Lootifer wrote:Metsfanmax wrote:What I think the quoted argument misses is that the mathematical equation describing the dynamics is valid regardless of the fundamental reason for why the dynamics happens that way. Newton's law of gravitation, for example, is clearly a supreme approximation describing the motion of the moon. Whether that is because of general relativity or because of space aliens, it is nevertheless true.
Hrmm, my limited knowledge of philosophy makes me agree with what you are saying; but, and im sure there is someone around here who can answer adequately, are you not referring to empiricism rather than objectivity?

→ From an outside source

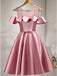 Elegant A-line Off the Shoulder Dusty Pink Short Homecoming Dresses Online, HD0643
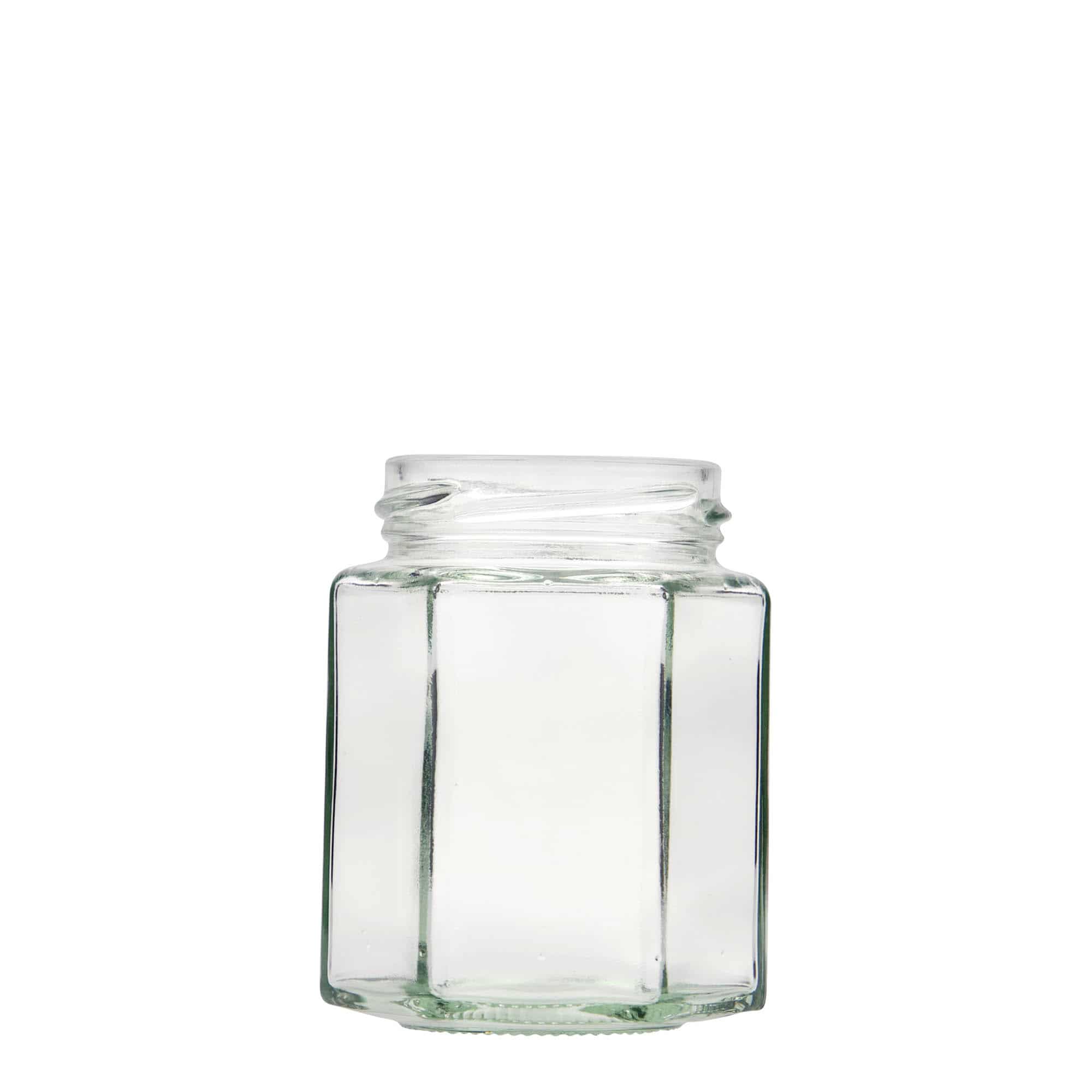 191 ml Frasco hexagonal, boca: Twist-Off (TO 58) 191 ml Frasco hexagonal, boca: Twist-Off (TO 58)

I don't know if I'm quite qualified to answer this, but I had made a mental note to come back and try at some point (as much for my own clarity of reasoning as for any external reasoning), so here goes.
Empiricism is all about judging reality only on the basis of evidence that we can collect, either directly or indirectly. Objectivity is all about finding out what is really there, behind the "veil of perception". For example it would be perfectly permissible in empiricism for me to say "I am sitting on a black chair", but for objectivity that statement is functionally meaningless. The concepts of me, the chair, the colour black, and what it means to be sitting are all inherently subjective, even if they can be almost universally agreed upon. What actually matters is what is really happening.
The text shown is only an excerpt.